The reality. We don’t expect Trump to weigh in on the finer points of the debate over FMAP or the provider tax. Trump has won his major campaign-driven asks – the extension of the 2017 tax cuts, plus no taxes on tips and overtime.
But if House Republican leaders want to bring this nearly $4 trillion package up for a vote Wednesday – or even this week – several outstanding disagreements have to be resolved.
Trump’s job is to effectively tell the GOP conference that the time for talk is over, and it’s time to vote. That message is potentially useful for the Republican leadership. But it may not move lawmakers still locked in critical policy fights.
SALT. Johnson hasn’t been able to put together a SALT deal despite lengthy negotiations. This might be Republican leaders’ biggest stumble during the entire reconciliation process. The House SALT holdouts – LaLota, Lawler, and GOP Reps. Young Kim (Calif.), Andrew Garbarino (N.Y.), Elise Stefanik (N.Y.) and Tom Kean (N.J.) – have said for months they’ll oppose the bill if the cap isn’t lifted to their liking.
The SALT group met with Johnson for more than an hour late Monday night but left the Capitol without locking in a deal. Garbarino said Johnson gave the group several options for raising the deduction cap. The holdouts had questions and planned to follow up after House GOP leaders got more data, per Garbarino.
Johnson told reporters there was no resolution on SALT yet but that they were “getting very close.”
But there’s trouble on the horizon, potentially. Norman told us on Monday that in addition to offsetting an increased SALT cap by spending cuts elsewhere, blue-state Republicans should be forced to find those spending cuts.
“We would put that on them, let them decide,” Norman said.
FMAP. Altering FMAP has been a prime ask of conservatives over the last few days.
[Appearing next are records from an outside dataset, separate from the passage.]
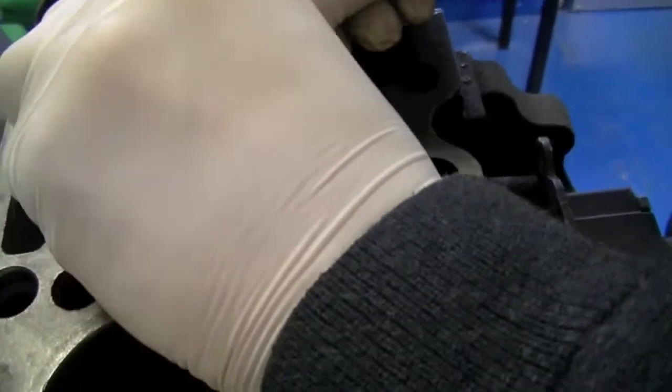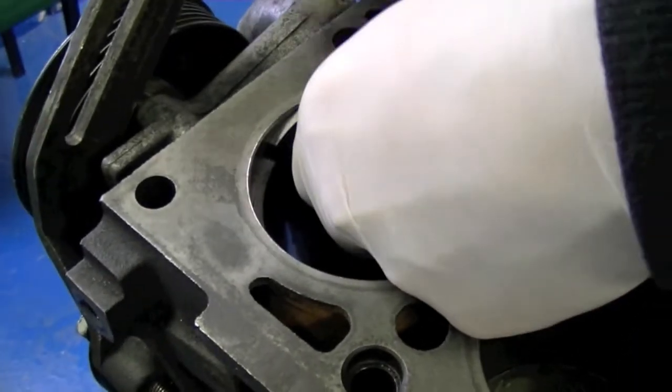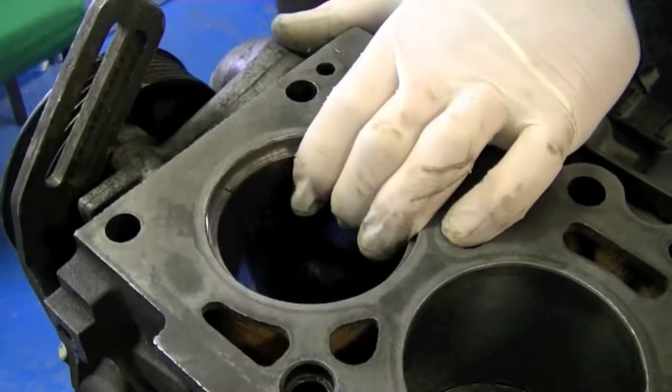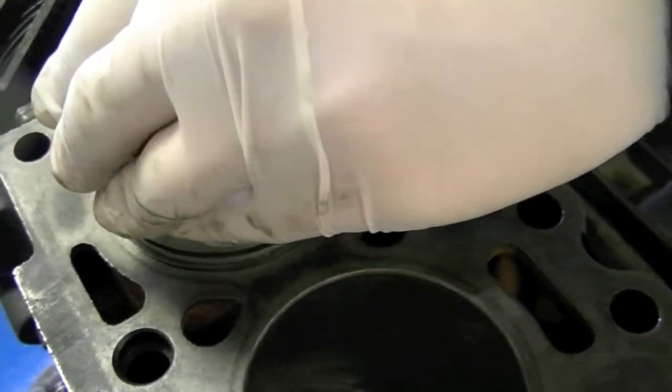Then place the piston ring in the cylinder bore and use the piston to push the piston ring down to ensure that it is completely flat.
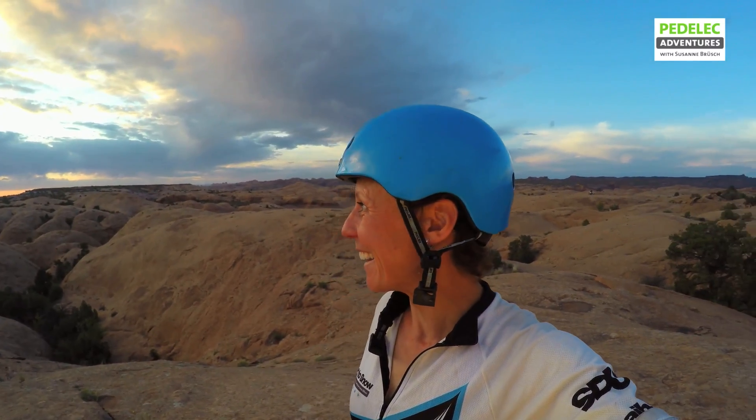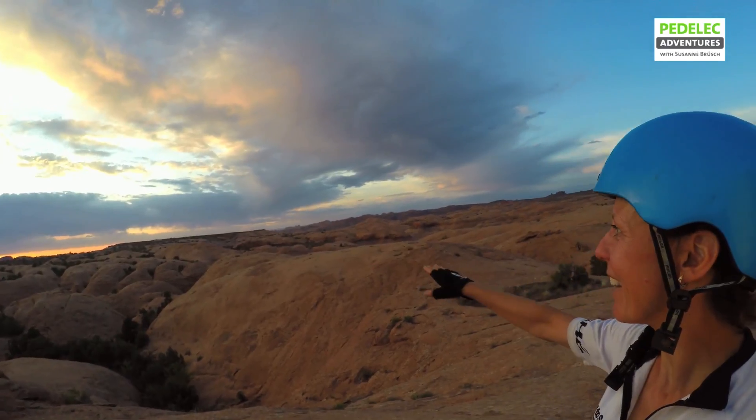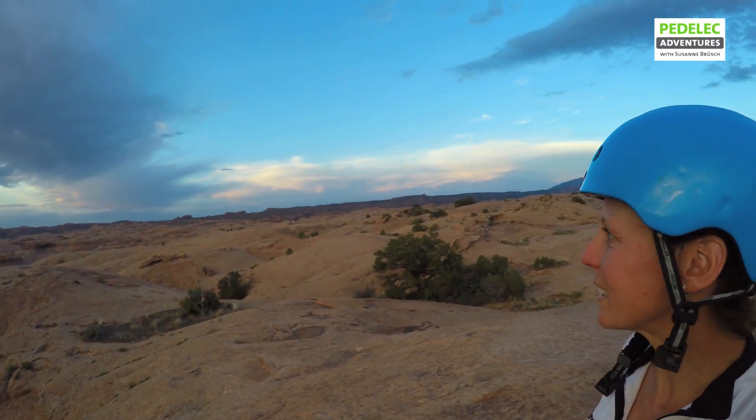We had an amazing ride this morning. And the coolest thing is that we got the owner and general manager of Moab's most famous mountain bike shop, Poison Spider, to join us for the morning ride. And it was a fantastic experience. And look at this scenery — this is what we were passing through.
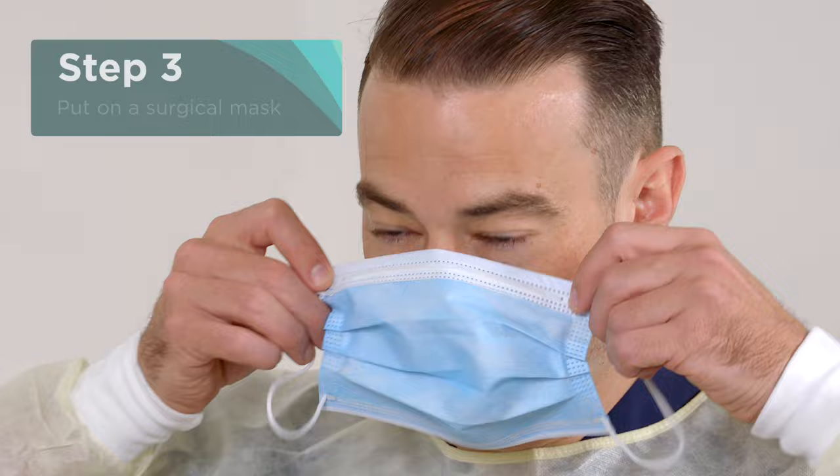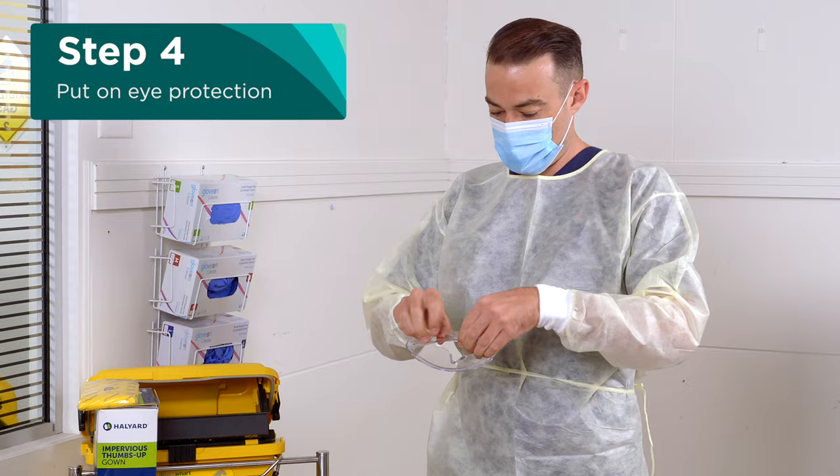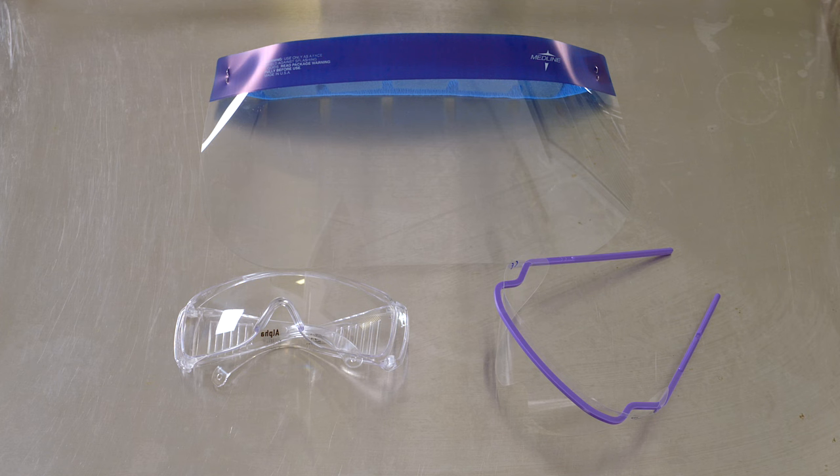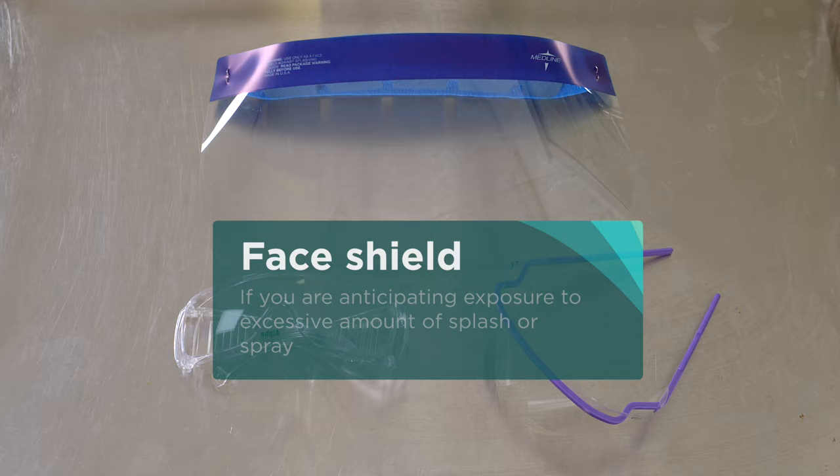The next step is to put on a surgical mask to cover your nose and mouth. Then put on your eye protection, either safety glasses or an eye shield, or a mask visor or a face shield if you are anticipating exposure to an excessive amount of splash or spray.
Effectively, this is a way to cut away at Obamacare without repealing the law. Johnson has repeatedly taken it off the proverbial table, only to see it later resurface.
But conservatives are hell bent on forcing a change in the FMAP formula. This could force millions of Medicaid recipients out of the program as states pare back spending.
“Phase it down over eight years,” Roy said Monday.
Johnson said FMAP is no longer part of the discussions.
This will be a major flashpoint between conservatives and moderates that can only be solved by Trump.
IRA. There’s still disagreement over how much to cut from the IRA. Roy and other hardliners want these tax credits ripped out ASAP. The GOP leadership responded by tentatively agreeing to accelerate the phase out of clean-energy tax credits to 2028. But moderates have complained to party leaders that this is way too fast.
LaLota said the phase out should be “gentle and deliberate, rather than sudden and chaotic.”
Let’s just note this here once again: This reconciliation bill is on the floor Wednesday. House Republicans are still squabbling over policy decisions. And this whole package is going to be overhauled by the Senate anyway.
The best argument that Trump can make is that the House needs to pass this bill to get the process moving.
That’s not going to cut with the HFC Chair Andy Harris (R-Md.):
“Look, I’m glad [Trump is] coming to talk to the conference. I always welcome the president, but I’m not sure there’s anything he can say tomorrow that’s going to change the minds of people who do believe that this bill needs more work.”